The Maxies are a small group, but their grievances with the current order, when properly packaged, can resonate with a broader group. Getting that broader group on board with their particular solution is where things get a bit screwy. That broader group doesn’t care about decentralization — not in the way the purists do— but they do really hate how the current financial system doesn’t seem to be working for them very well. They were promised a life better than their parents, and it doesn’t seem like that outcome is coming to pass, what with all of these Great Recessions, pandemics, and student loans. Mostly Millennials who can’t buy houses and Zillennials who can’t afford rent. We’ll call them the Opportunists.

The Opportunists don’t really care about the nature of the solution, they just want an alternative to the status quo that provides a path to financial independence. They want the possibility of getting rich, ideally quickly and with relatively low work. If that happens while sticking a thumb in the eye of traditional institutions, then that’s sw33t so long as it doesn’t jeopardize their gains. This is about money, not piety.

The problem is that it’s fairly difficult to deliver that outcome to the Opportunists without a proper vehicle. One that’s accessible, thinly regulated (or at least thinly enforced), and capable of margin fueled trips to the moon.

Accessibility proved to be the stumbling block. No one understands WTF a distributed ledger means. White papers are not accessible. Anarcho-libertarian screeds are charming, but they just don’t pack much punch to those that aren’t already initiated. The value proposition needed to be simplified. Cleaned up. Made understandable.

How about a chart?

Ah. Much better.

Chart go up. Money go up. There may be some bumps along the way, but it’s always heading in the right direction. Who doesn’t love a sure thing?

There are a few points on this chart that have made for some extremely compelling story telling. Where the buzz reached a broader and broader group of people. The massive run-up toward the end of 2017 was particular notable. People were getting rich. Lots of people. Probably one or two that you knew or at least sorta knew or had maybe heard your cousin talking about during Thanksgiving dinner.

That graph was the opportunity to bridge the gap between Maxies and Opportunists. It made an abstract concept with complicated goals simple, tangible, and relevant: Get rich.

And so a great compromise of narrative occurred. A deal with the devil as it were: the soul of decentralization was traded for critical mass. The blockchain became an economic enterprise rather than a political one. A great swarm of people began to search for “how to get crypto, go to moon” and almost none of them were reading Satoshi’s white paper.
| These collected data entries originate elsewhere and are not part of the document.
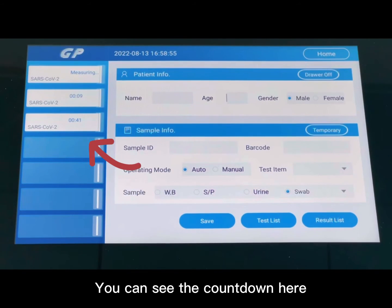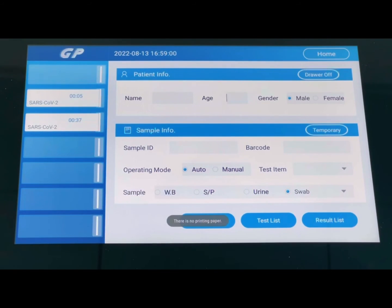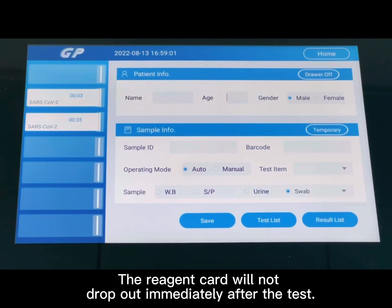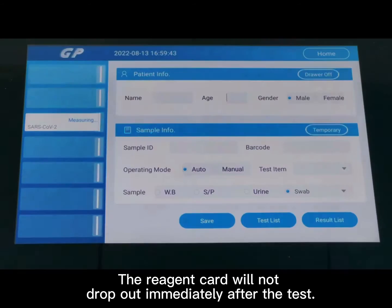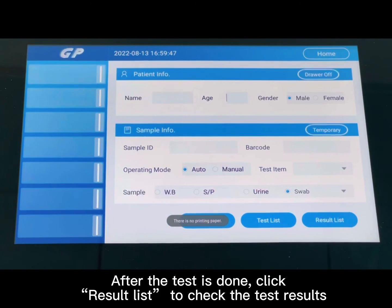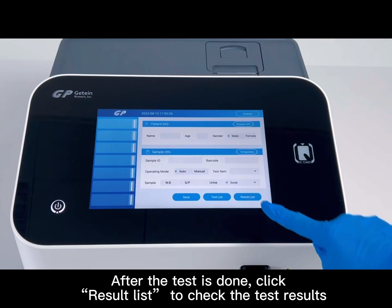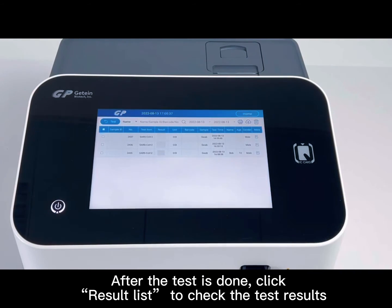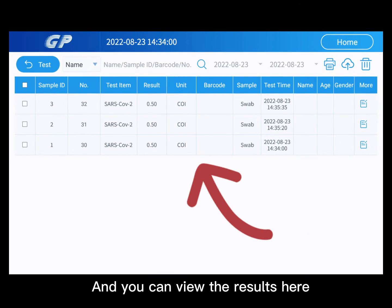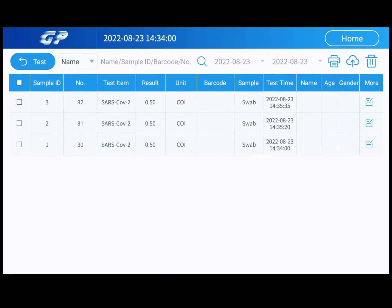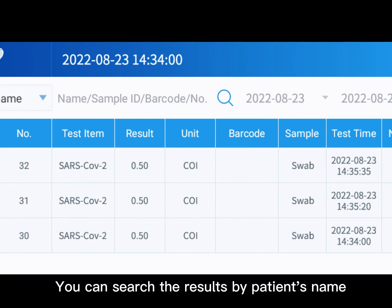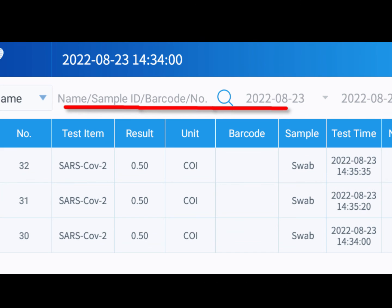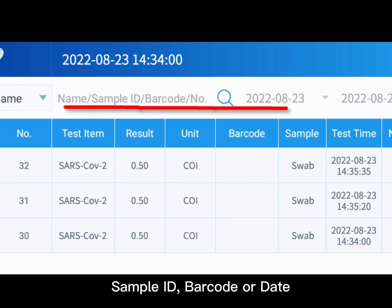You can see the countdown on screen. The test card will not drop out immediately after the test. After the test is done, click Result List to check the test results and view them on screen. You can search results by patient's name, sample ID, barcode, or date.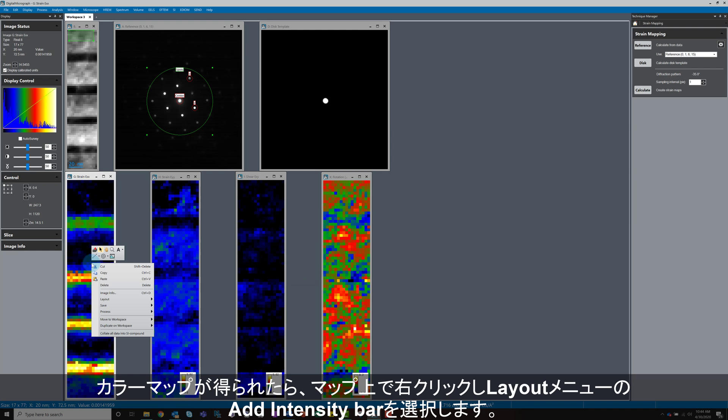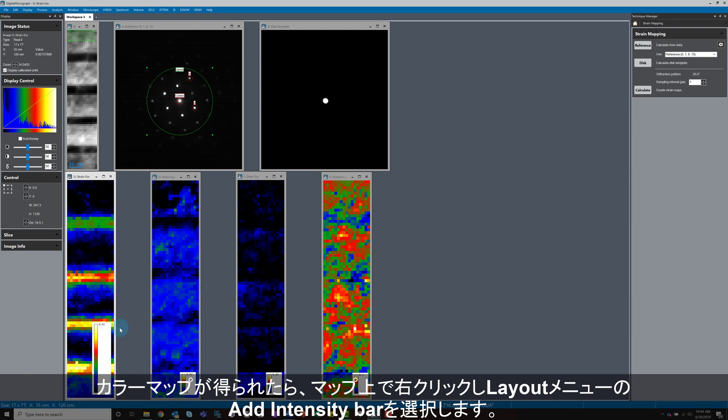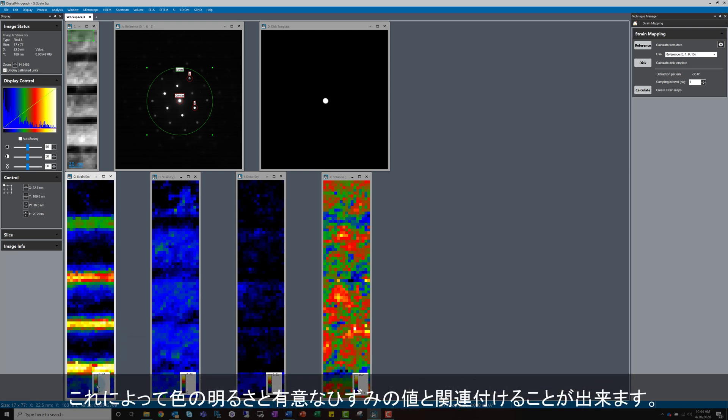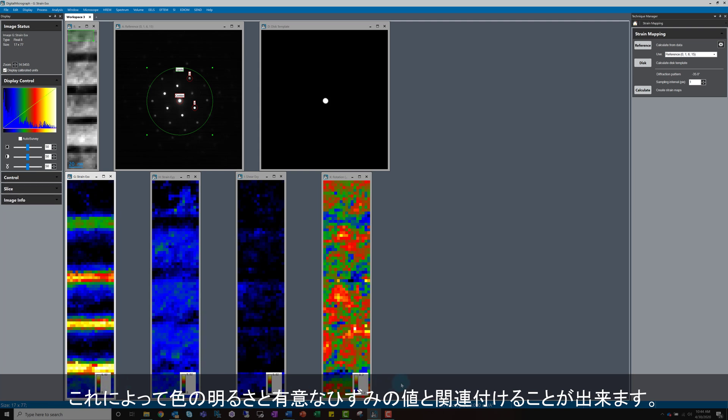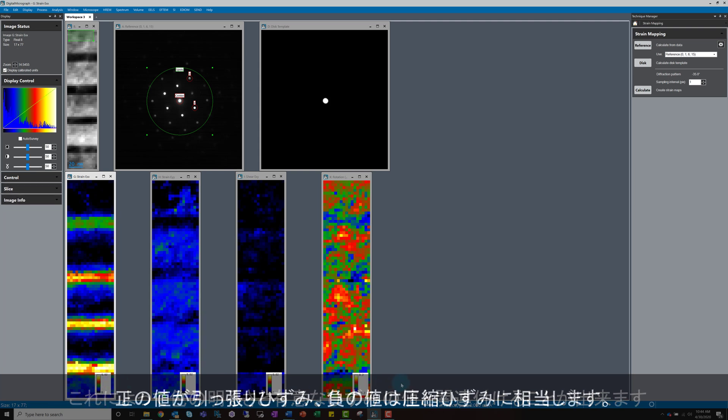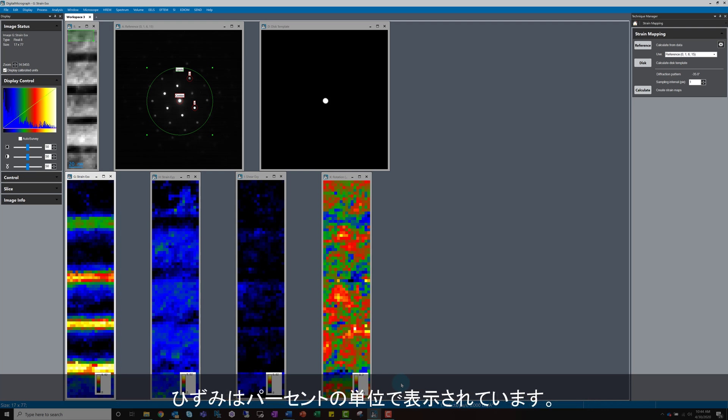Once you have the colour maps, intensity bars can be added by right-clicking, navigating to the layout menu and clicking add intensity bar. This is a useful way to link the colour intensity to a meaningful strain value. Positive values correspond to tensile strain, negative values correspond to compressive strain. Strain is dimensionless, so is usually reported as a percentage.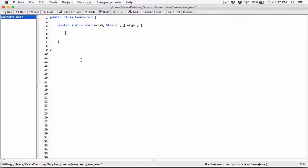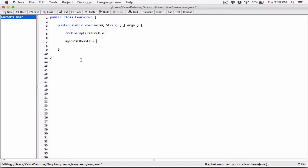In this video I'm going to talk about doubles. To declare a variable of data type double, you start with the keyword 'double' and give it a name. I'm going to call this 'myFirstDouble'. This declares it — it tells the computer to reserve a space in memory, call that space 'myFirstDouble', and only allow doubles to be stored there. Now I can initialize it with a floating point number, like 34.5.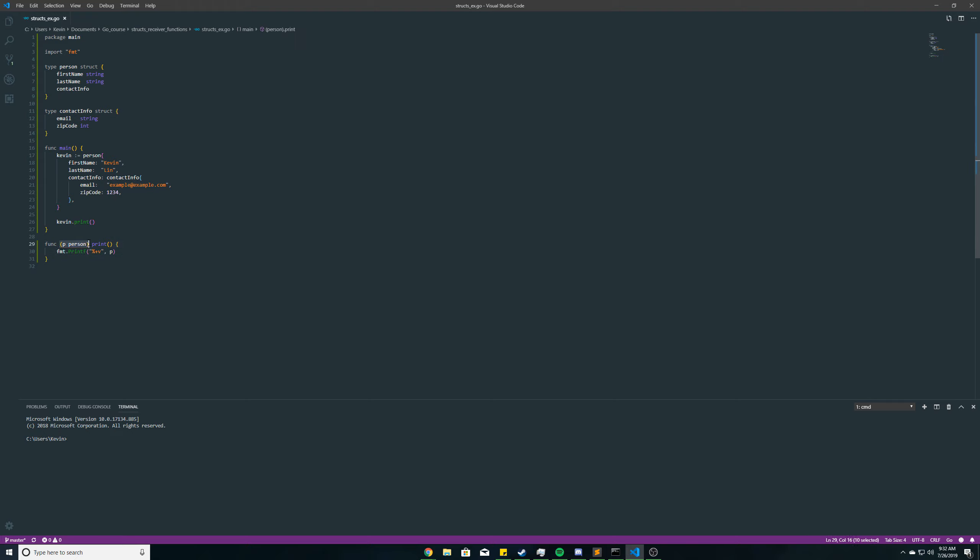So like I said, this is a receiver function, so only person struct variables can call this. So let's run this, make sure we're in the right directory here.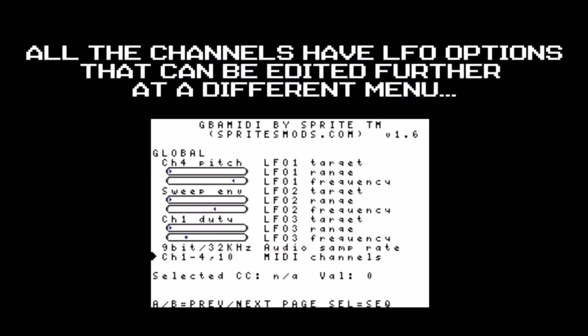Before we delve into the sounds, it's worth noting that, like on LSDJ and NanoLoop, your sounds can be panned hard left, centre, or hard right. It's also worth mentioning that there is an additional menu of LFO effects to further tweak the sounds of all these soft synths, but I'll return to that after we've looked at the different soft synths in more detail.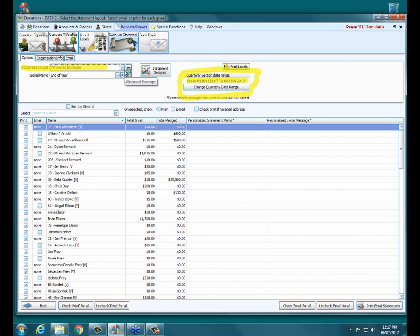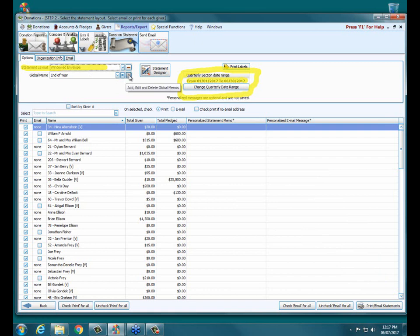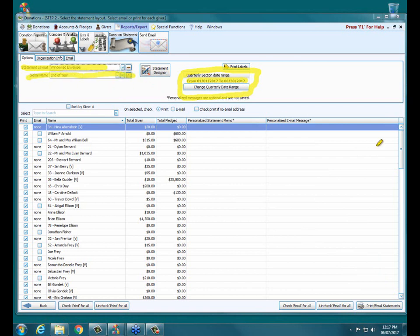From here, if you're just printing out statements, you typically don't have to do anything except select your layout and then edit your global memo. The global memo on the second line here is basically a little message at the bottom of each statement, and you can edit it to say whatever you want.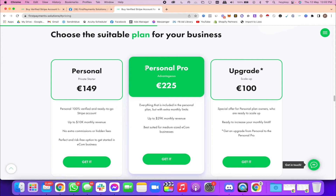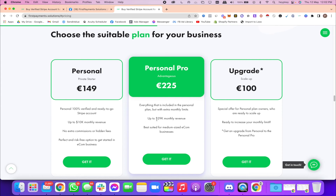If you don't want the Personal plan, the second option is Personal Pro, starting at 225 euros. Everything included in the Personal plan but with a higher limit — rather than $10,000 per month, you can rotate $29,000 per month. This is ideal for medium to large enterprises or people already in e-commerce who want to rapidly scale. There's also an upgrade option — just drop them a message and upgrade for 100 euros. For businesses scaling beyond $29,000, they offer plans up to $500,000 in monthly revenue. Best of all, this amount is paid only one time — it's not a subscription. You get your account set up once and keep using it forever.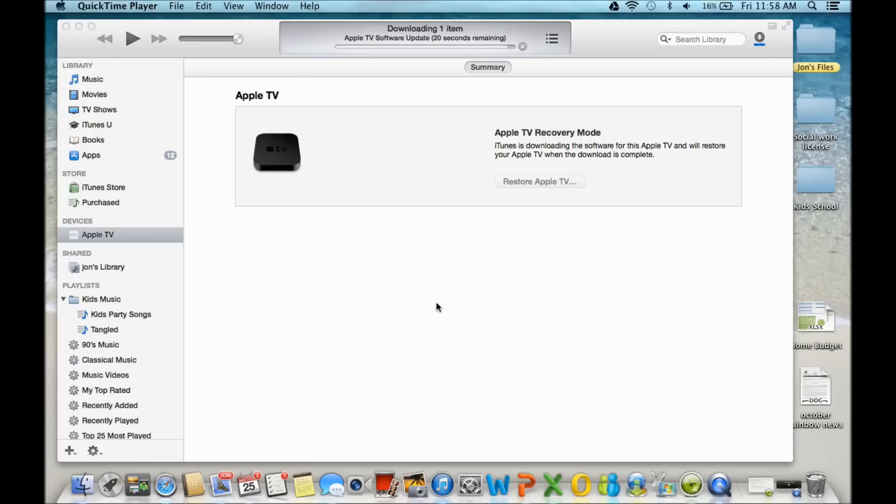When you plug it in and you open up iTunes, it should recognize it. You see on the left, under Devices, Apple TV.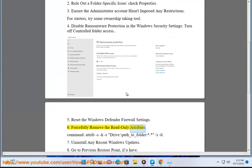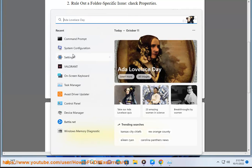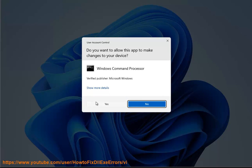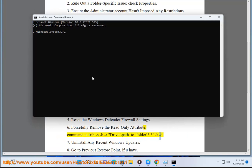Forcefully remove the read-only attribute. Command: attrib -r drive backslash path underscore folder backslash /s /d. Uninstall any recent Windows updates.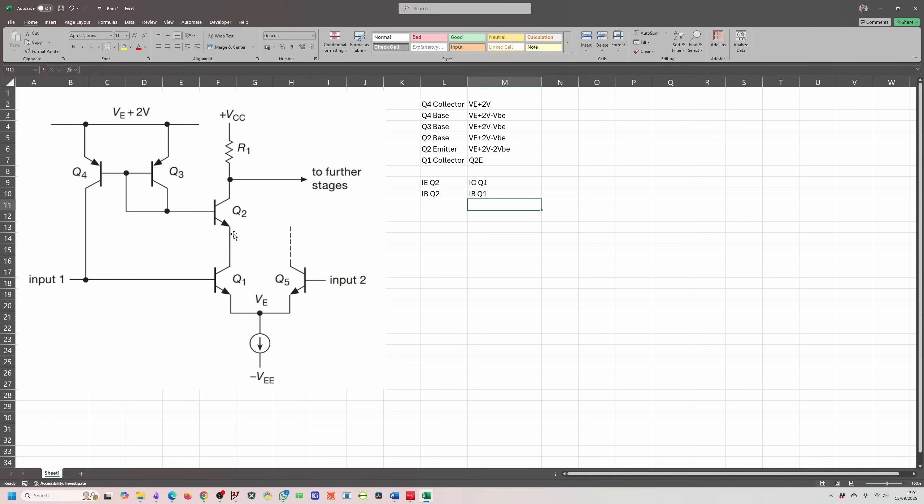That ends up with Q1 collector at 0 volts, and that is relatively fixed as well. The only variation you'll get over here is with temperature, and that's due to the VBE change. That helps to reduce the early effect around this circuit as well. We have covered early effect in a previous question.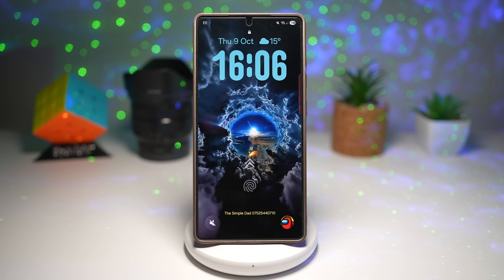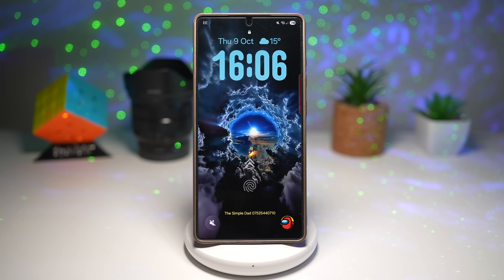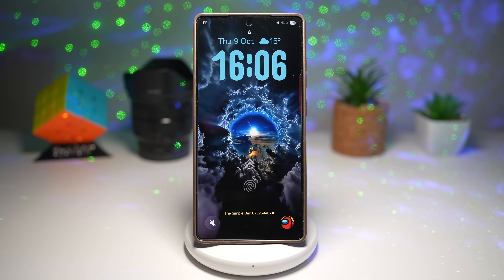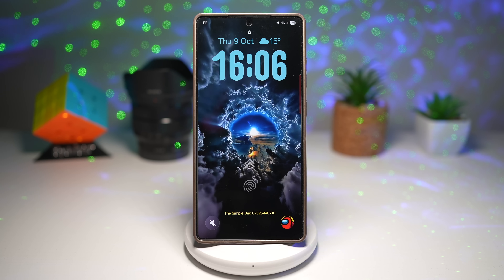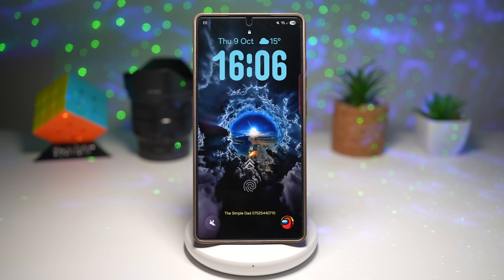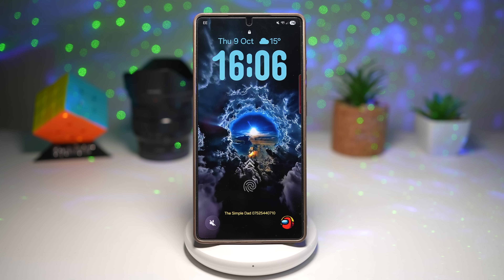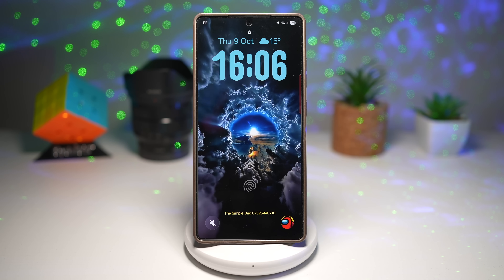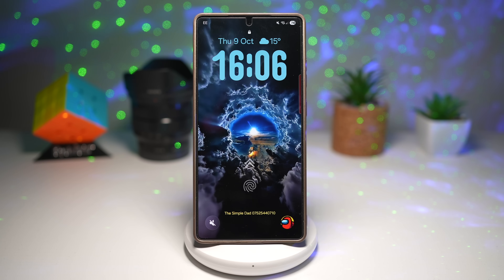And that's it — seven awesome One UI 8 features that make your Galaxy experience even smoother, smarter, and more fun. Which feature was your favorite? Drop it in the comments below — I'd love to know what you're using the most. Don't forget to smash the like button, let's hit our goal of 500 likes, and subscribe for more One UI tips, hidden features, and updates every day. Thanks for watching, and I'll see you in the next one.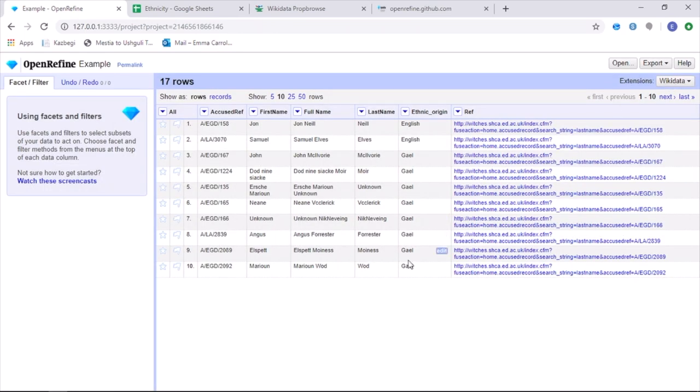Then on OpenRefine, you're then able to see all of the columns that you have used on your original database. I then have the most important information that I'm going to look at, and that is the name of the accused witch and the ethnic origin. I also then have the reference which is added at the end, which will be a reference for each point that I then upload onto Wikidata.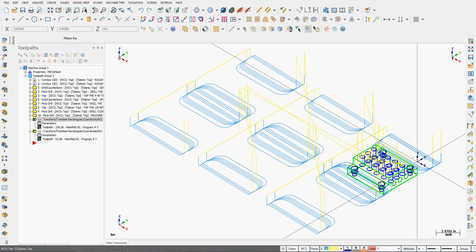This will force the machine to bring the first tool in the spindle, machine all six parts, change tools, take the second tool in the spindle, machine all six parts and so on. So I'm happy, I'll save my work.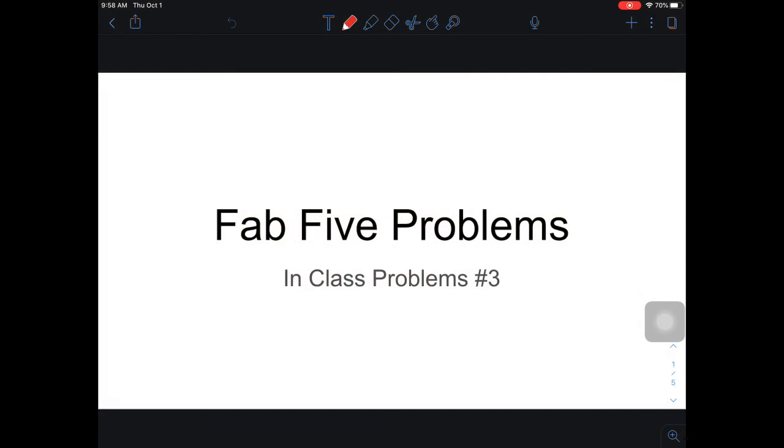Hey everyone, welcome to a virtual day. I'm going to work through two in-class problems and break them up into two different videos so you can do one problem at a time. As we work through the problem, I'm going to ask you to hit pause and try to solve it, then unpause. I'll try to edit out steps you don't need to see to keep these videos a bit shorter.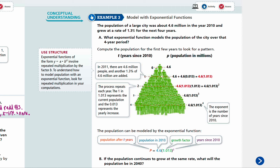Example three, modeled with exponential functions. The population of a large city was about 4.6 million in the year 2010 and grew at a rate of 1.3 percent for the next four years. Part A: what exponential function models the population of the city over that four-year period? We know this is exponential because it has a growth rate — every year it grows 1.3 percent. At 2010, it's 4.6 million. So the rate R is 0.013 and the initial value is 4.6 million.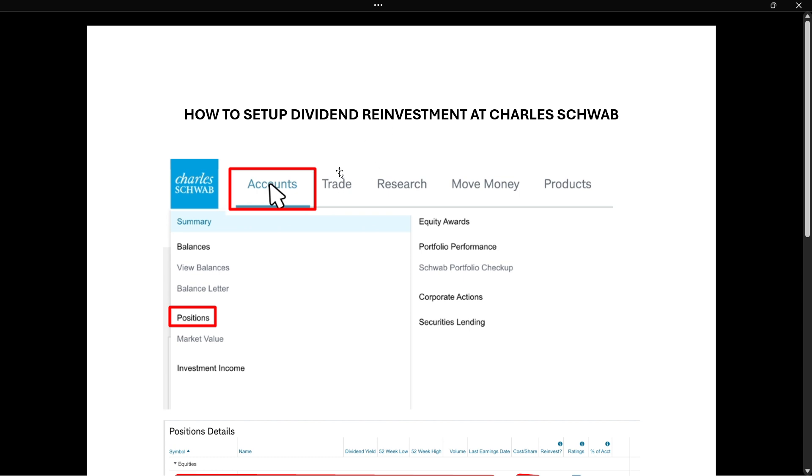And then once you are logged in, you want to hover over the accounts tab, which is very up top left. And then once you hover over it, you will see the positions button over here. Simply click on positions.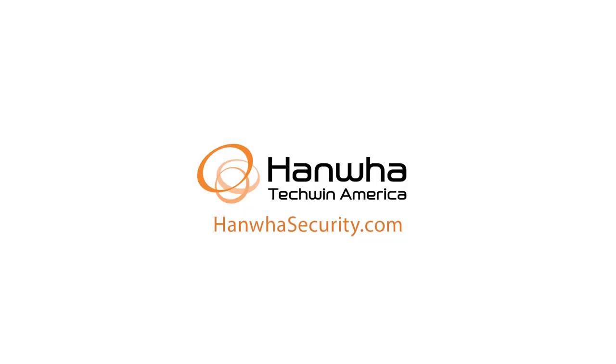To learn more about this and other exciting Hanwha products, subscribe to our YouTube channel or visit us at HanwhaSecurity.com.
They were vaguely aware of the anti-centralization roots, but they wanted the fruit of the tree more. They wanted crypto. Ideally as easily as possible (which generally meant centralization).

Everything proceeds from there. Once a sufficiently large audience indicates a desire to mine for gold, the ecosystem responds. Some sell picks and shovels. Some sell maps to mother loads. Some sell fool’s gold. Some sell places to exchange gold nuggets for silver bars. Some just invest to help all the other somes do something. These are our friends the Middlemen (investors, entrepreneurs, con artists, etc.).

As more people become co-opted into the narrative, they become emotionally invested in it. They adopt, push, and amplify the narrative that seduced with great fervor. Why? Because the alternative is horrifying. Accepting that the narrative was overstated means that they’ve pledged fealty to a false god and in so doing placed themselves in an even worse position than if they had just gone along with the BS system that they felt they couldn’t succeed within. Sunk costs are annoying to accept.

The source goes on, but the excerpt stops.